Advances In Cinema Tech Overcoming a Strange Racial Divide
barlevg writes "Since the birth of film, shooting subjects of darker complexion has been a technical challenge: light meters, film emulsions, tone and color models, and the dynamic range of the film itself were all calibrated for light skin, resulting in dark skin appearing ashy and washed-out. Historically, filmmakers have used workarounds involving "a variety of gels, scrims and filters." But now we live in the age of digital filmmaking, and as film critic Ann Hornaday describes in the Washington Post, and as is showcased in recent films such as "12 Years a Slave," "Mother of George" and "Black Nativity," a collection of innovators have set to work developing techniques in lighting, shooting and post-processing designed to counteract century-old technological biases as old as the medium itself."
Film is not "biased" towards people with "light skin." Quite frankly, I don't see how any visual medium that's designed to capture an accurate colour spectrum could be racially biased.
I think this whole article is a trollish attempt to inject a "racial issue" where there is none.
I do not fail; I succeed at finding out what does not work.
Sounds unlikely to me - although some films were produced to "enhance" skin tones. Kodak had a specialised film made for weddings and portraits, and I can't remember seeing anything other than caucasians in the example brochures. You can enhance any part of the spectrum you want, but enhancing caucasian skin tones would negatively affect other parts of the spectrum. Besides, it's a creative decision as to how a film should "look", so it's largely up to the director, art department, and editor what the finished product looks like. You can have blue & orange (the current fad), or wash it all out a la 70's westerns - there's lots of ways to influence the final product - choice of emulsion, choice of lighting, and choice of post-processing, to name a few.
They sentenced me to twenty years of boredom
This reminds me of when they were developing the original pilot for the original "Star Trek" series. They wanted to know how the green-skinned Orion slave-girl would look when filmed. They covered her in green makeup and shot some test footage. It came back from the lab with normal pink European flesh tones. So they tried darker makeup. Still pink. They tried the darkest, densest makeup they could find. Still pink. It turned out that the lab was oh-so-helpfully "correcting" the color for them. I think this speaks volumes as to the article's premise...

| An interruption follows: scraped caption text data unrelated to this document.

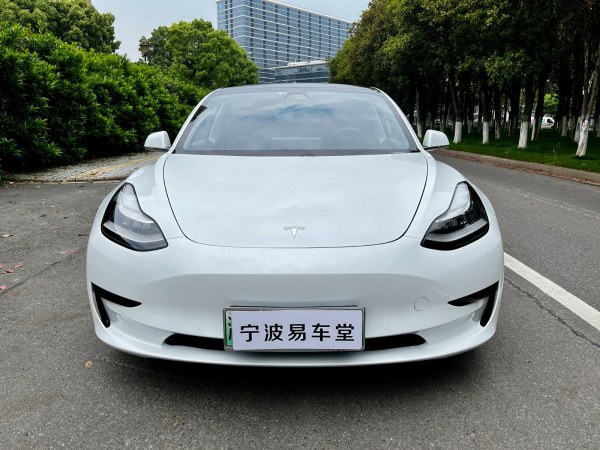 特斯拉 Model 3 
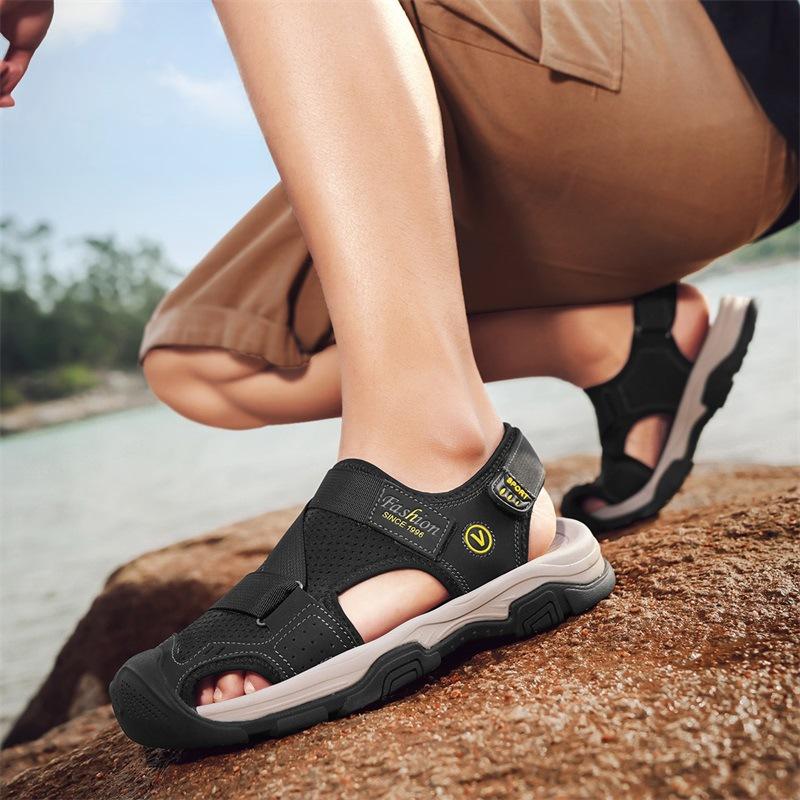 Sandalen Herren trendige Outdoor-Sporttasche Kopf Freizeitschuhe Hausschuhe 2025 neu Sommer atmungsaktive Herren-Strandschuhe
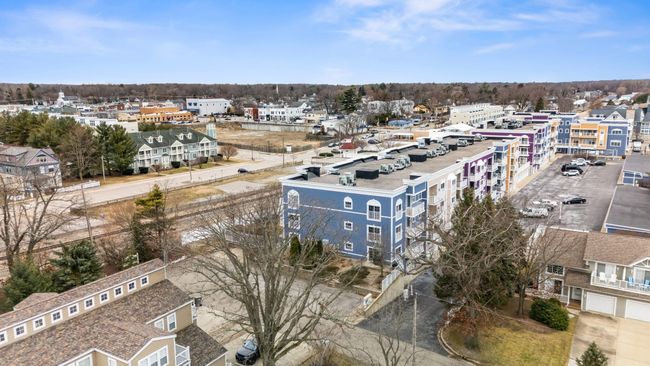 221 N Townsend St, Condo with 2 bedrooms, 2 bathrooms and null parking in New Buffalo MI | Image 19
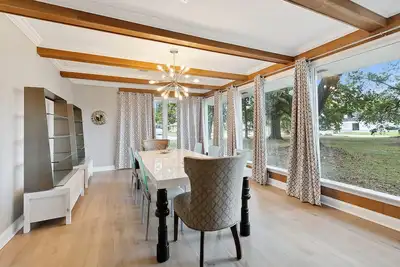 Image de Welcome to The Henderson House! Great for large groups and commercial housing!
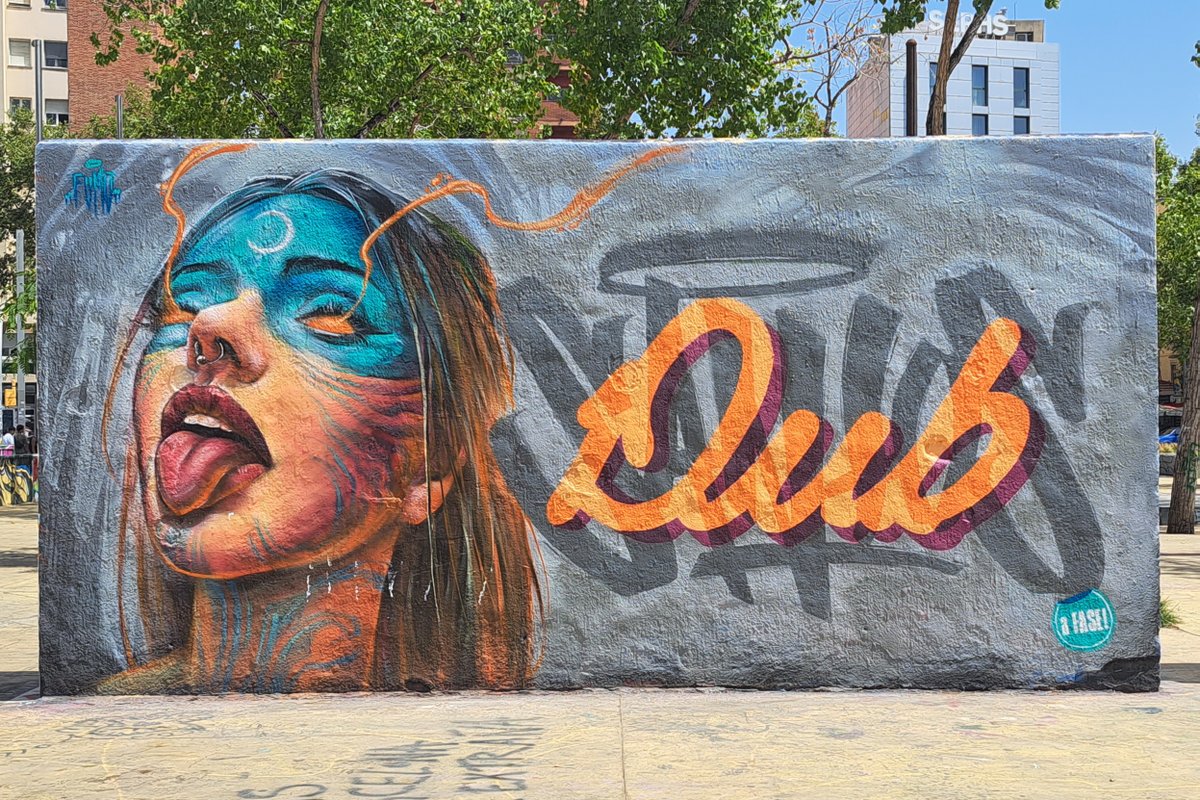 #Barcelona #TresXemeneies #Streetart #UrbanArt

The film bias is real. The January 2006 issue of Popular Photography featured an article about different film emulsions sold outside the U.S. that better capture skin tones that are darker/different than caucasian. They shot a black model using Kodak Portra 160NC and Kodak Ultima 100, a film "tailor-made for shooting Indian weddings." They used the same lighting, adjusting exposure only for the 2/3 stop difference in film speed. I quote:
The negatives were dramatically different. Ultima 100 produced visibly more detail in Dionne Audain's skin than did Portra 160NC, especially on the shadowed side of her face. In matched prints, not only was that shadow more open, but there was a much better sense of texture in her hair and black sweater. The surprising thing is that, despite Ultima 100's higher minimum density, it seemed to have more snap overall than Portra 160NC.